Institutions

Social institutions important for the new scientific psychology changed or were created in the nineteenth century. Because psychology began as an academic discipline, it was shaped by institutions of higher education that varied significantly from country to country. Germany led the world in scientific research and postgraduate education. Before Bismarck created the second German Empire in 1871, the German-speaking world was a collection of petty princedoms. Because each prince wanted his own university, Germany had more of them than any other nation. Moreover, Germany created the modern secular, government-supported, research-oriented university. In the United States, by contrast, small colleges run by religious denominations dominated higher education. Scottish commonsense psychology was an integral part of the curriculum, taught to polish the souls of the students. Thus, when Wundt created scientific psychology in Germany, he meant it to be a pure science, and early German psychologists resisted making psychology into psychotechnics. In America, the old Scottish psychology briefly opposed the new German scientific psychology. Although it nominally lost the struggle, its businesslike attitude remained, and American psychology turned to applications ranging from giving tests to building, as one psychologist said after World War II, a “science of values.”

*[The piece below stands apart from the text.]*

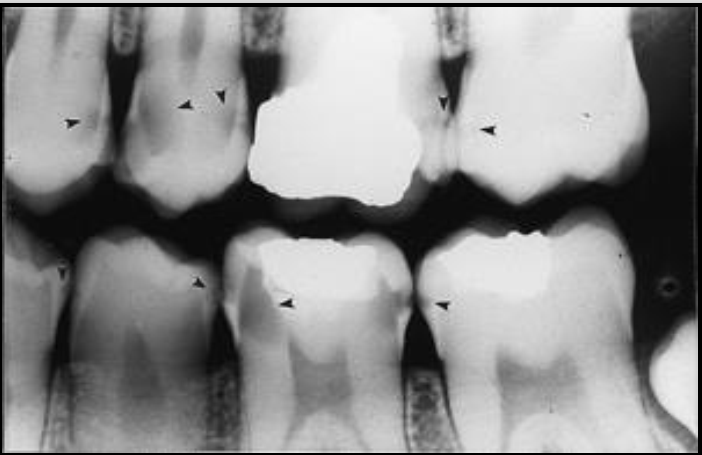 <p>Rampant caries refers to growing or spreading caries. </p><ul><li><p>Advanced and severe affecting numerous teeth (can happen to both primary and permanent dentition)</p></li><li><p>Happens in children with poor dietary habits, nursing bottle syndrome or in adults with xerostomia (dry mouth) due to mediations.</p></li><li><p>Can also be a secondary condition to chemo radiation therapy&nbsp;</p></li></ul><p></p>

If the research university was the dominant influence on nineteenth-century German psychology, business was the dominant influence on American psychology, reinforcing the practical orientation of the old psychology. In Germany, universities were centrally controlled by elite scientists and philosophers devoted to the pursuit of knowledge for its own sake. In the United States, colleges (and universities when they began) were diversely controlled by pragmatic business people devoted to the pursuit of practical knowledge, pushing American psychology to be more applied. Eventually, applied psychology sprang up everywhere, including Germany, and is now the main occupation of psychologists everywhere.

Psychology’s practical direction worldwide was reinforced by changes in the nature of government. During the nineteenth century, governments broadened their responsibilities from keeping peace and waging war to tending the general welfare of their subjects and citizens. Particularly in the United States, political and business leaders looked to science for new means of social control. After the Civil War, the nation moved from being a collection of isolated rural communities of relatives and neighbors to an urbanized, industrial, politically emancipated population of mobile strangers. Many opinion leaders, especially in the Progressive movement, thinking that tradition and religion were no longer suitable guides to life or effective means of social control, looked to the human sciences, including psychology, for new ways to manage society and business. In this environment friendly to expertise, learned professions and organizations arose in the late nineteenth century, including the American Psychological Association (APA) (1892). In his 1899 APA President’s address, John Dewey (1859-1952)—the great Progressive philosopher of the twentieth century—linked the birth of psychology to the social changes wrought by urban industrialization. As long as tradition was a sufficient guide to life, said Dewey, people had few conscious decisions to make, and a science of consciousness had little value. In a rapidly changing world, however, people have to make many new conscious decisions— where to live, what work to do, for whom to vote—and a science of consciousness came into existence.